Barnaby Conrad III Editor

Barnaby Conrad (1922-2013) was an American author, artist, nightclub proprietor, bullfighter, and filmmaker. After graduating from Yale, Conrad served from 1943 to 1946 as the U.S. vice consul in Seville, Málaga, and Barcelona. While in Spain, he studied bullfighting and became the only American to have fought in that country, Mexico, and Peru. In 1947, he served as secretary to Sinclair Lewis, the first American author to win the Nobel Prize for Literature. John Steinbeck chose Conrad's 1952 novel Matador as his favorite book of the year, and it was translated into over 20 languages. Conrad started the Santa Barbara Writers Conference in 1973, inviting well-known authors such as Eudora Welty, Ray Bradbury, Gore Vidal, Joan Didion, and Ross Macdonald. His charcoal portraits of Truman Capote, James Michener, and Alex Haley are in the collection of the National Portrait Gallery in Washington, DC.

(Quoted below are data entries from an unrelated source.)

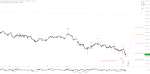 Elliott Wellen Analyse: DAX mit Einstimmung auf 2019 ?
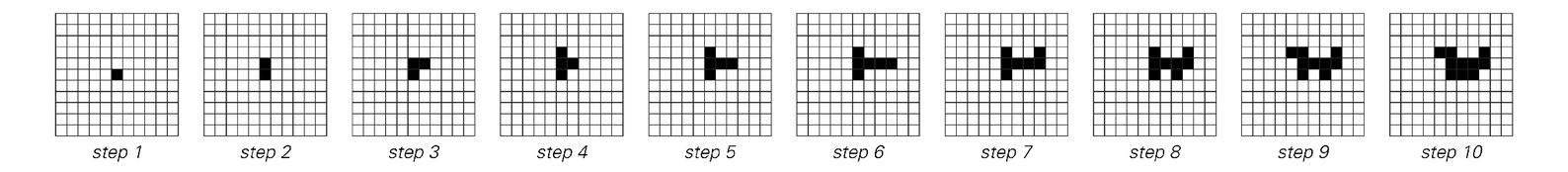 Behavior of simple aggregation model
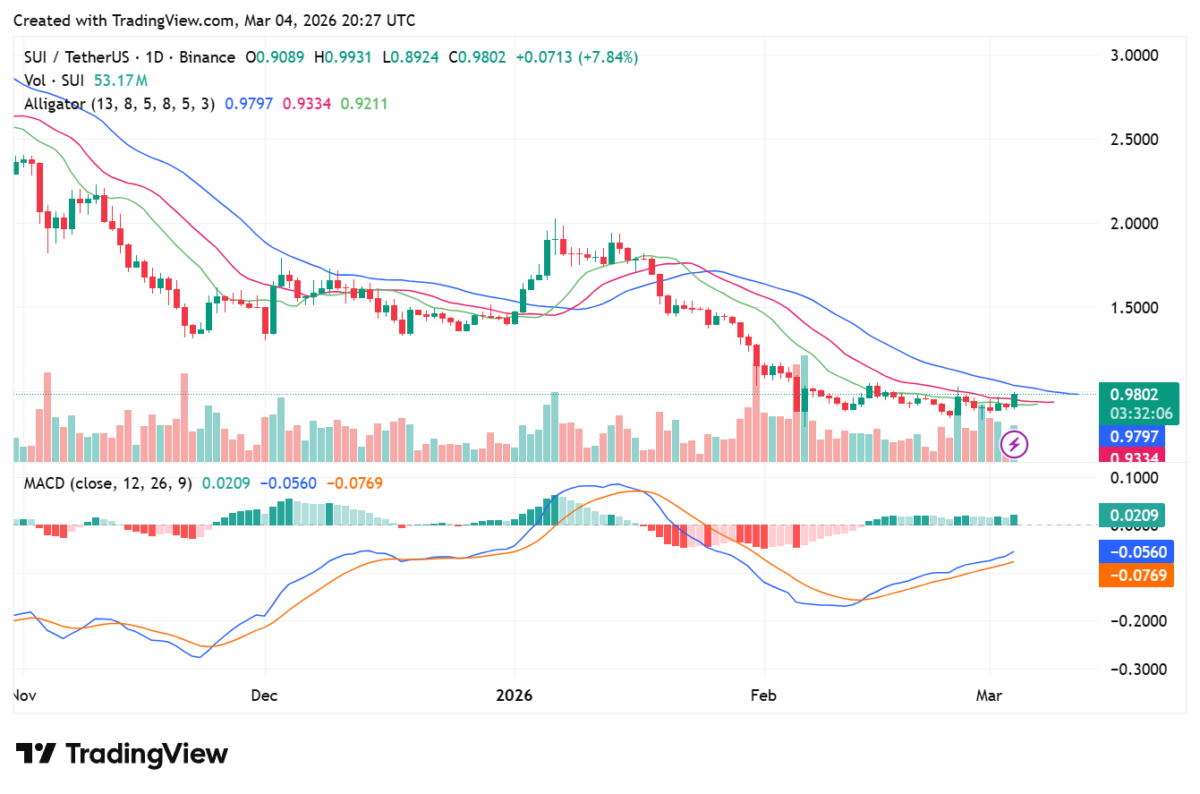 SUI 1日图表分析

Barnaby Conrad III (b. 1952) majored in painting at Yale and became an artist, art critic, and author of twelve non-fiction books, including Absinthe: History in a Bottle, Ghost Hunting in Montana, and Jacques Villeglé and the Streets of Paris. A former magazine editor at Horizon and Forbes Life, he was a special correspondent in Paris for the San Francisco Chronicle and now teaches aspiring authors at the Santa Barbara Writers Conference. He and his family live in Accomac, Virginia and San Francisco.